Naquele velho povoado — que hoje mudou muito — abriram uma estrada, chegou a luz elétrica, a água encanada, o celular, a televisão e tantas outras coisas. Chegaram também a maldade, as drogas e outros malefícios do gênero humano.
Porém, na memória da minha geração ficaram as saudades e as lembranças daqueles tempos. O transporte era a pé ou a cavalo. Foi nesse povoado que nasci e cresci, bebendo água de um tanque formado pelas águas das chuvas, que dividíamos com os animais. Eu, menina, sonhava um dia ver uma lâmpada acessa iluminando tudo.
E, no dia em que vi, meus olhos arderam tanto, lacrimejaram. Foi uma experiência horrível; pensei que ficaria cega. Ouvia falar em picolés e que eram muito frios, puro gelo.

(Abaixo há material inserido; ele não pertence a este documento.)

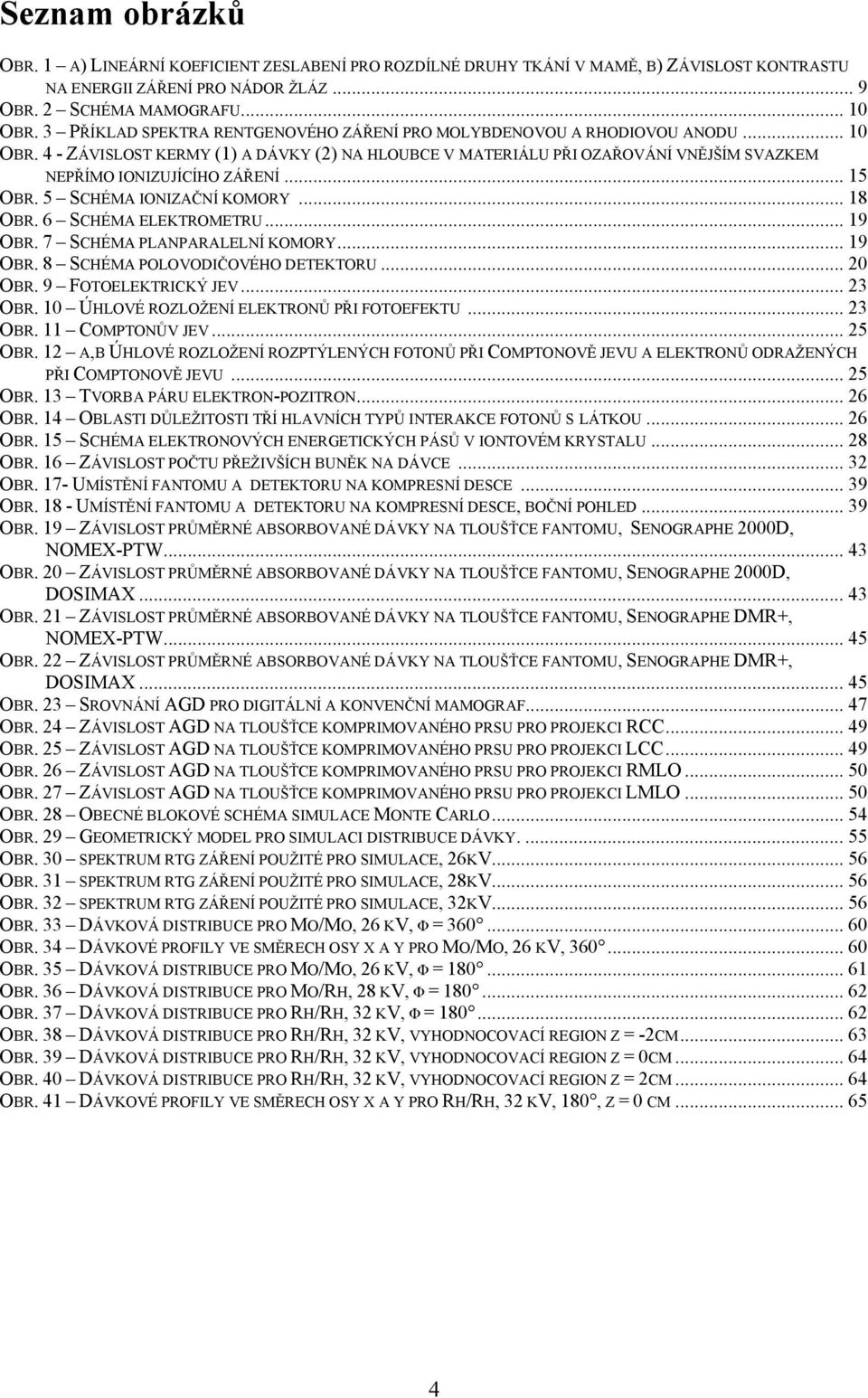 4 - ZÁVISLOST KERMY (1) A DÁVKY (2) NA HLOUBCE V MATERIÁLU PŘI OZAŘOVÁNÍ VNĚJŠÍM SVAZKEM NEPŘÍMO IONIZUJÍCÍHO ZÁŘENÍ... 15 OBR. 5 SCHÉMA IONIZAČNÍ KOMORY... 18 OBR. 6 SCHÉMA ELEKTROMETRU... 19 OBR.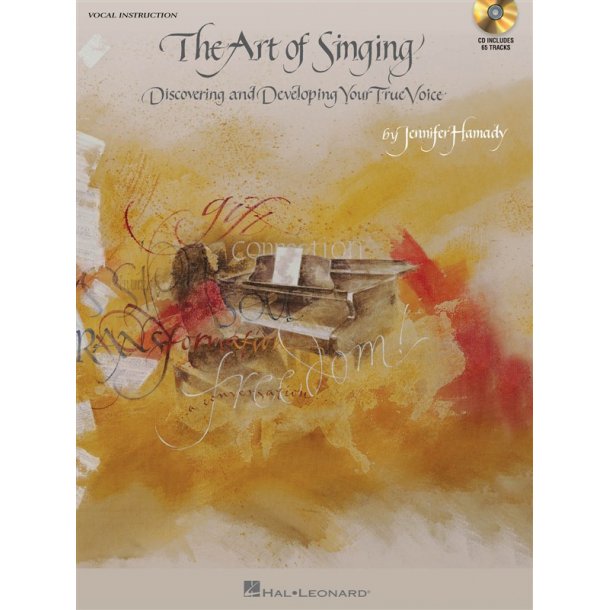 The Art Of Singing - Discovering And Developing Your True Voice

Um dia fui à cidade e me ofereceram um. Quando dei a primeira mordida, pensei que ia morrer de tanta dor nos dentes. Sofrendo pensei: “Como alguém pode comer isso?” Aí, tarde demais, me avisaram que não era para morder, era para chupar.
Cresci descalça, pés no chão. Como foi doloroso usar um sapato e me acostumar a andar sem tropeçar. Foram muitas quedas.
Com o tempo, fui descobrindo coisas maravilhosas e tão práticas para um dia a dia melhor. Adorei a escova de dente e a pasta. Adorei dormir em um colchão de molas. Adorei tomar banho embaixo de um chuveiro.
Hoje, revejo tudo isso como uma experiência que me preparou para viver o que vivo agora. Naquele mundo, dentro desse mundo, havia dificuldades — e nós a superávamos. Vivíamos sem medo e encontrávamos motivos para brincar e sorrir.
Às vezes, sinto saudades, dos momentos em que sonhava que a felicidade estava na cidade. Que engano… A felicidade está dentro de cada um de nós. Busque — e a achará — nas coisas simples da vida.